NATALIA BORRERO GUERRERO

Natalia Borrero Guerrero is the Leader of Planning and Learning at Fundación Corona, where she supports social mobility in Colombia through education for employment and citizen participation. She has 14 years of experience in the social sector, nine of them dedicated to strategic planning, initiative design, and monitoring and evaluation, and has led the definition and implementation of learning agendas while supporting initiatives with a systemic change approach.

She has held leadership roles at Fundación Corona since 2014 and complements her experience with training in impact measurement at Oxford and qualitative methods at NYU.

JEFF BRADACH

Jeff Bradach is the co-founder and former managing partner of The Bridgespan Group, a global nonprofit organization that collaborates with mission-driven leaders, organizations, and philanthropists to achieve breakthrough results in addressing society’s most important challenges and opportunities. Bridgespan works with social sector leaders to help scale impact, build leadership, advance philanthropic effectiveness, and accelerate learning through research and publishing.

Based in Bridgespan’s San Francisco office, Jeff advises leading nonprofits and philanthropists around the world.

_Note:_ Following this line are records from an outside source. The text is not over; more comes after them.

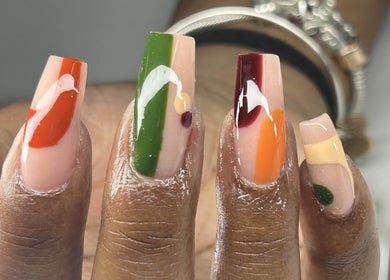 Colorful nail art at Bahama Beauty Nail Bar, Nassau, New Providence, BS. Unique designs and vibrant colors.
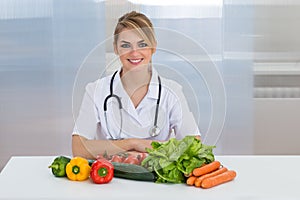 Female dietician with vegetables photo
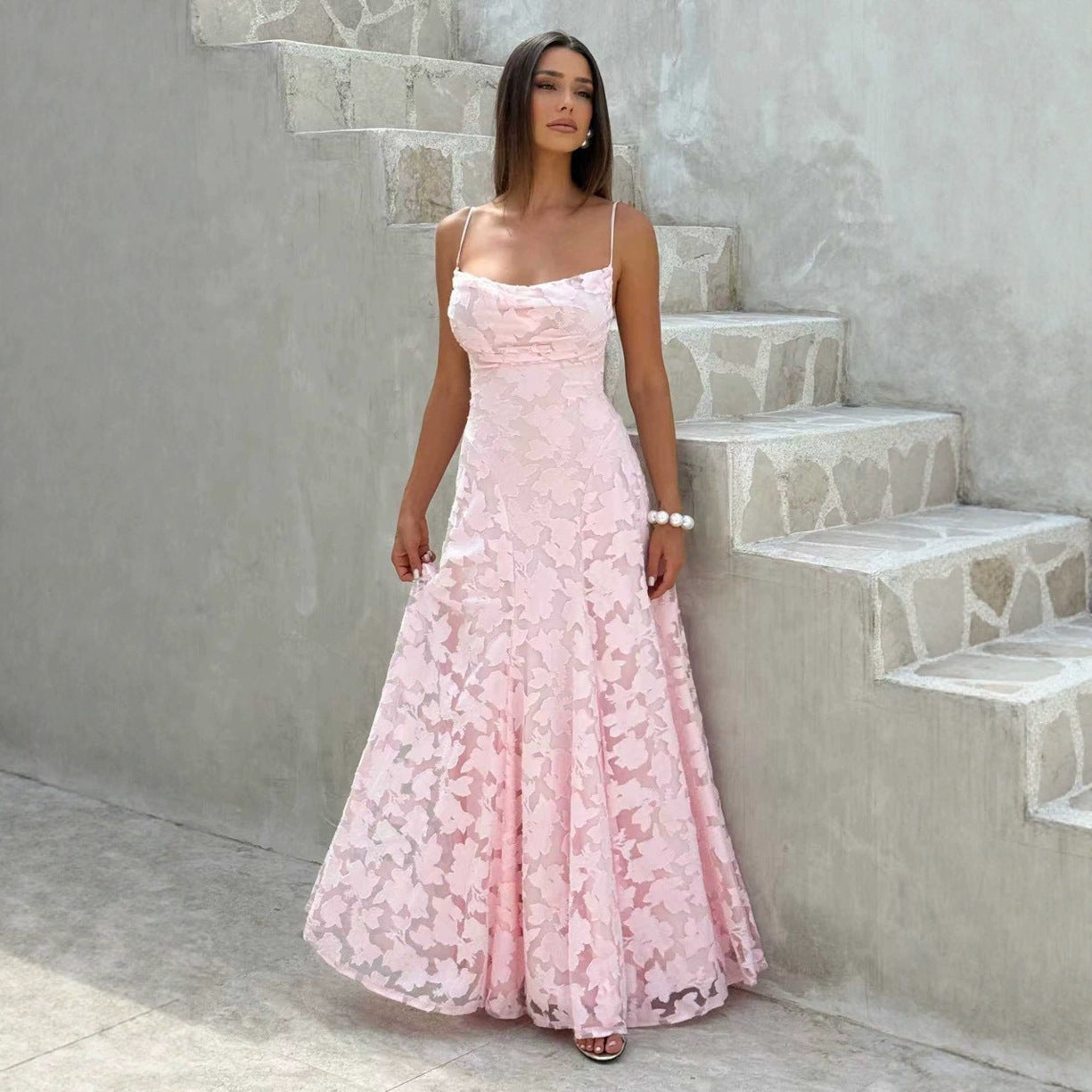 Woman in a pink lace dress standing on stone steps.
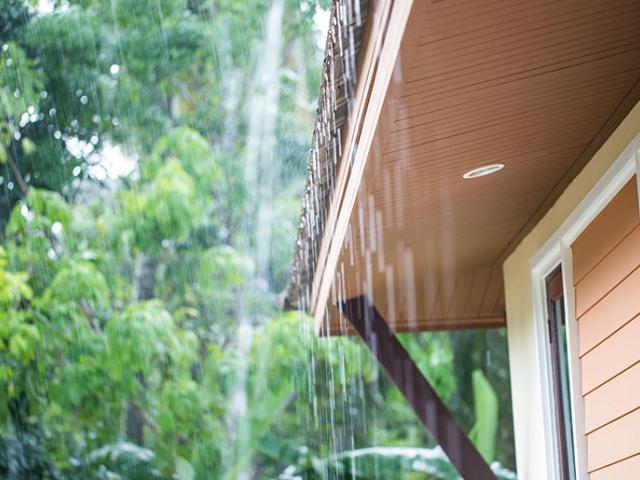 Rain falling from the roof of a single-family house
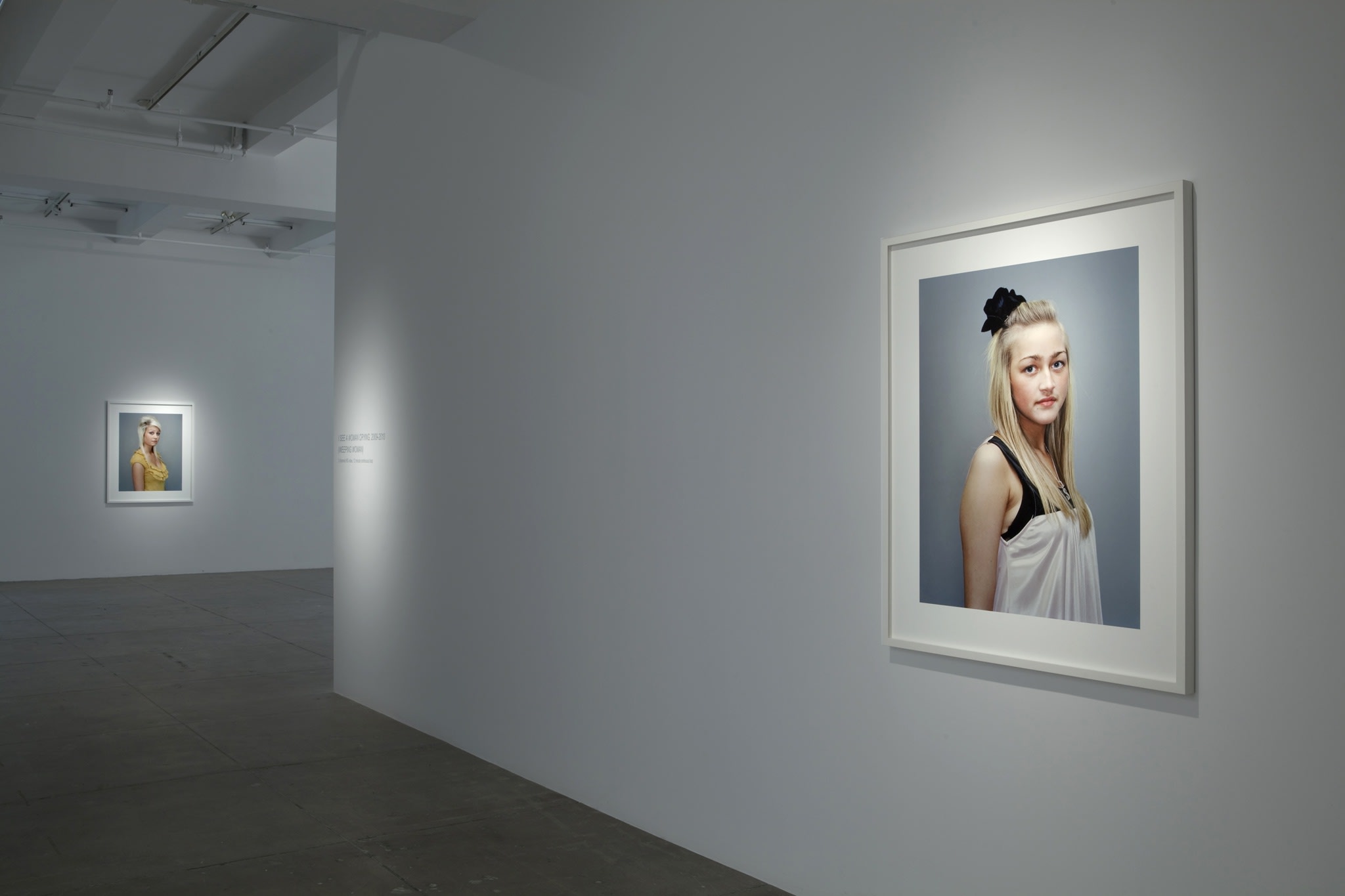 On a white wall, the portrait of a young woman, with blonde hair and blue eyes, wearing a white top with black straps, hangs. In the background, on another wall, a portait shows a woman wearing a yellow top.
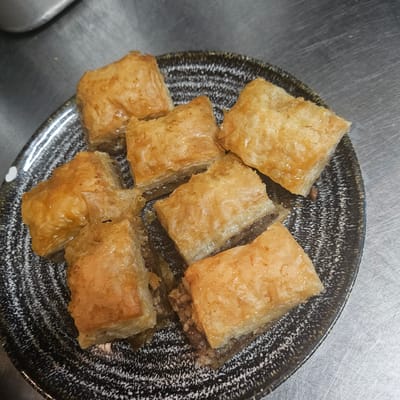 A plate of baklava sits on a metallic surface. The plate is round, with a dark grey rim and a speckled white and grey pattern on the inside. Seven pieces of golden-brown baklava are arranged on the plate. The environment is a kitchen or food preparation area, evidenced by the metallic surface. The location, Fehmarn, Germany, is external information, not visually evident in the image. There are no people in the image.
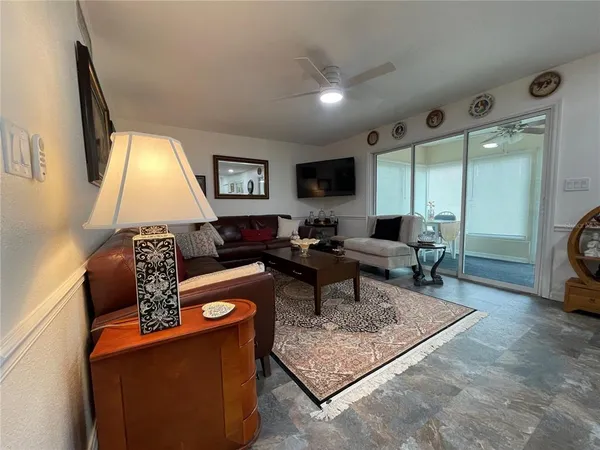 a view of a a dining room with furniture and kitchen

He writes and speaks extensively on nonprofit strategy, transformative scale, social-sector leadership, and philanthropy. His publications include: “The Problem with Color-Blind Philanthropy,” (Harvard Business Review, 2020), Racial Equity and Philanthropy: Disparities in Funding for Leaders of Color Leave Impact on the Table, (Bridgespan.org, 2020), Achieving Kindergarten Readiness for All Our Children: A Funder’s Guide to Early Childhood Development from Birth to Five, (Bridgespan.org, 2015), “Transformative Scale: The Future of Growing What Works,” (Stanford Social Innovation Review, 2014), “Scaling What Works: Implications for Philanthropists, Policymakers, and Nonprofit Leaders,” (Bridgespan.org, April 2009), “Delivering on the Promise of Nonprofits,” (Harvard Business Review, 2008), and “Should Nonprofits Seek Profits,” (Harvard Business Review, 2004). He is the author of the book, Franchise Organization, (Harvard Business School Press, 1998).

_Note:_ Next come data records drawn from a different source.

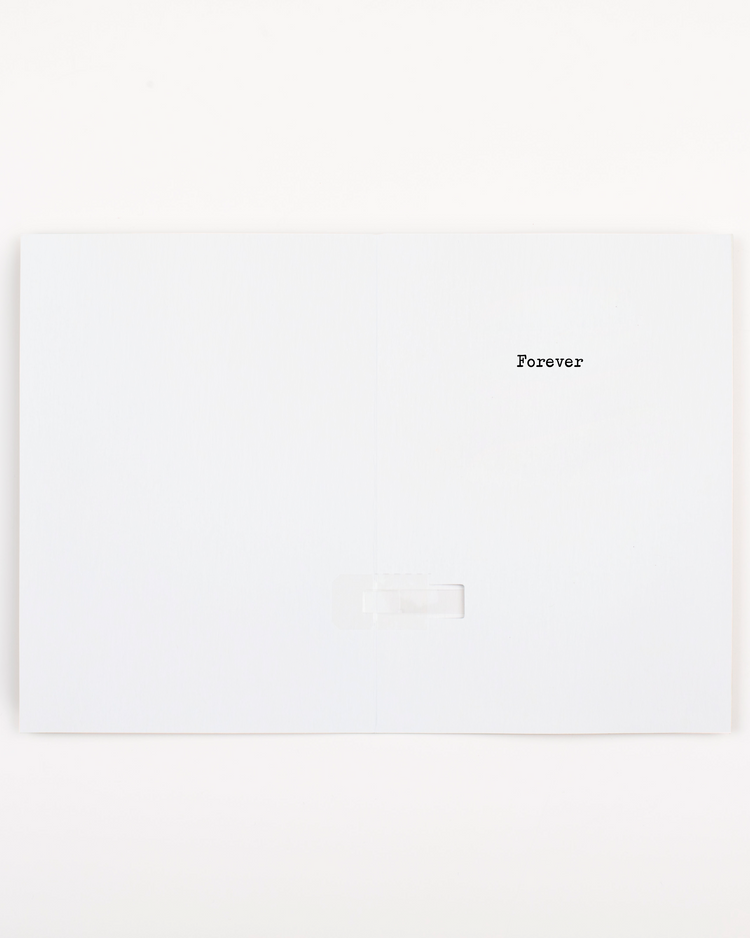 White card with 'Forever' text on a white background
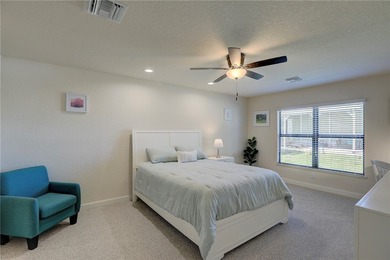 Easy Life. Lasting Style. Nearly new concrete block home in a on Spanish Lakes Country Club in Florida - for sale on GolfHomes.com, golf home, golf lot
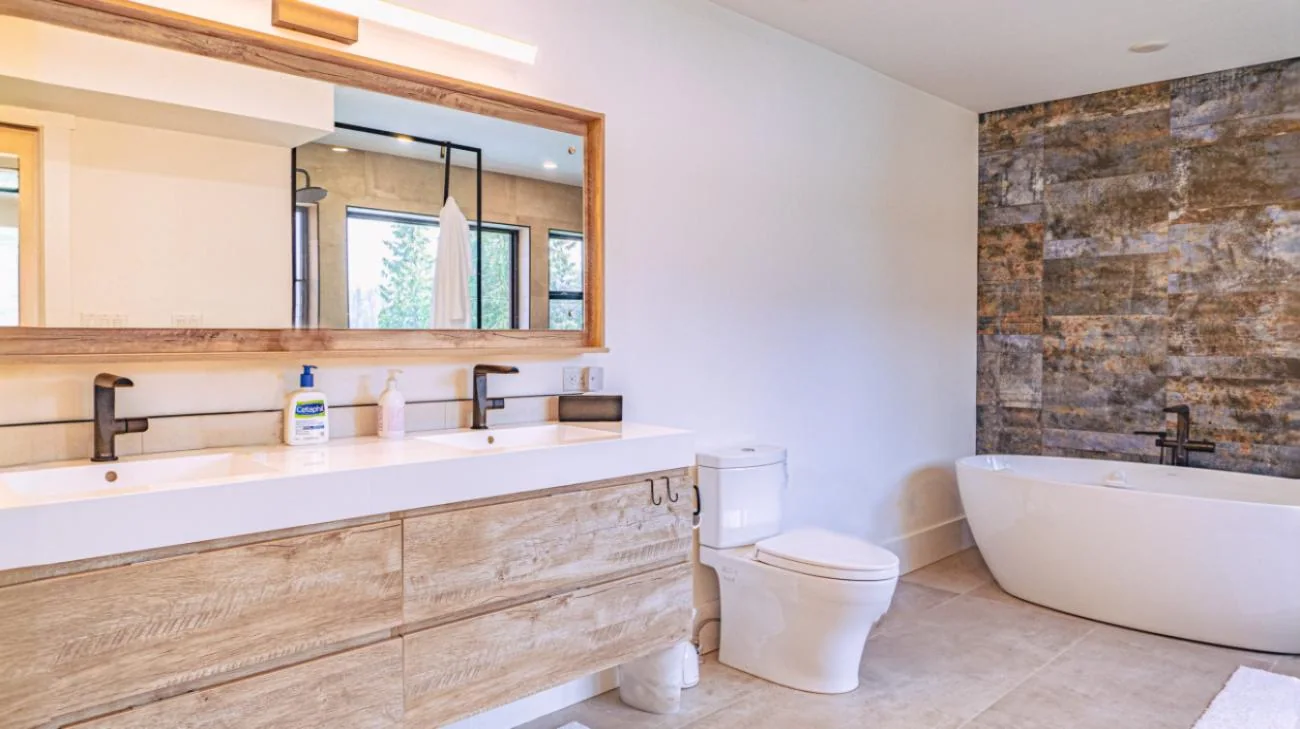 Modern ensuite bathroom featuring dual-sink floating vanity with wood grain finish, vessel sinks, large mirror, and freestanding tub in Vancouver home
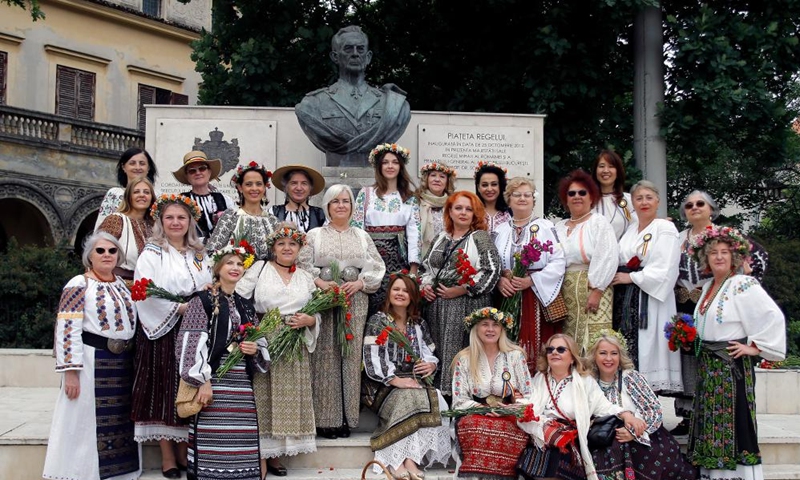 Women wearing handmade traditional clothes pose during an event celebrating Romanian traditional costume in Bucharest, Romania, May 12, 2024. Photo: Xinhua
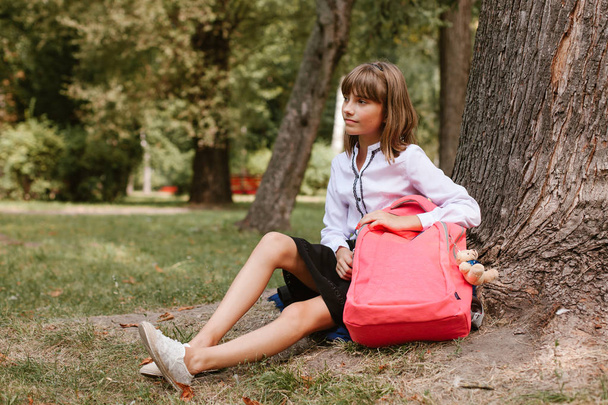 女子高生は公園の木の下に座っている - 写真・画像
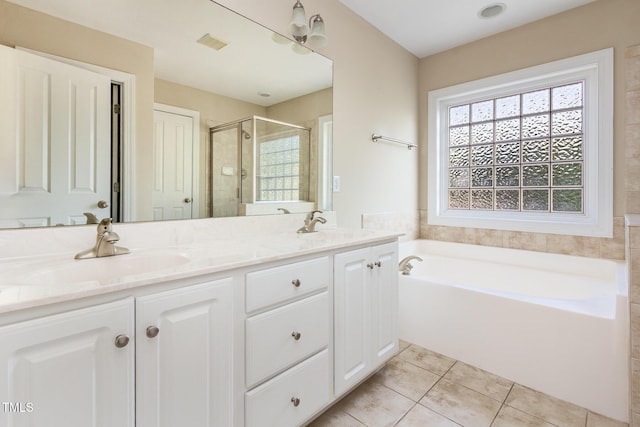 bathroom featuring a sink, tile patterned floors, a wealth of natural light, and a shower stall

Jeff has served on numerous nonprofit and for-profit boards, including Giving Tuesday, PolicyLink, and Liberation Ventures. He is the former board chair of Independent Sector. Prior to establishing Bridgespan, Jeff taught at Harvard Business School, where he was a member of the Organizational Behavior and the Social Enterprise Initiative faculty. Jeff began his career at Bain & Company. He is a graduate of Stanford University and received his MA in sociology and PhD in organizational behavior from Harvard University.

HOMI KHARAS

Homi Kharas is a senior fellow in the Center for Sustainable Development, housed in the Global Economy and Development program at Brookings. In that capacity, he studies policies and trends influencing developing countries, including aid to poor countries, the emergence of the middle class, and global governance and the G20. He previously served as interim vice president and director of the Global Economy and Development program.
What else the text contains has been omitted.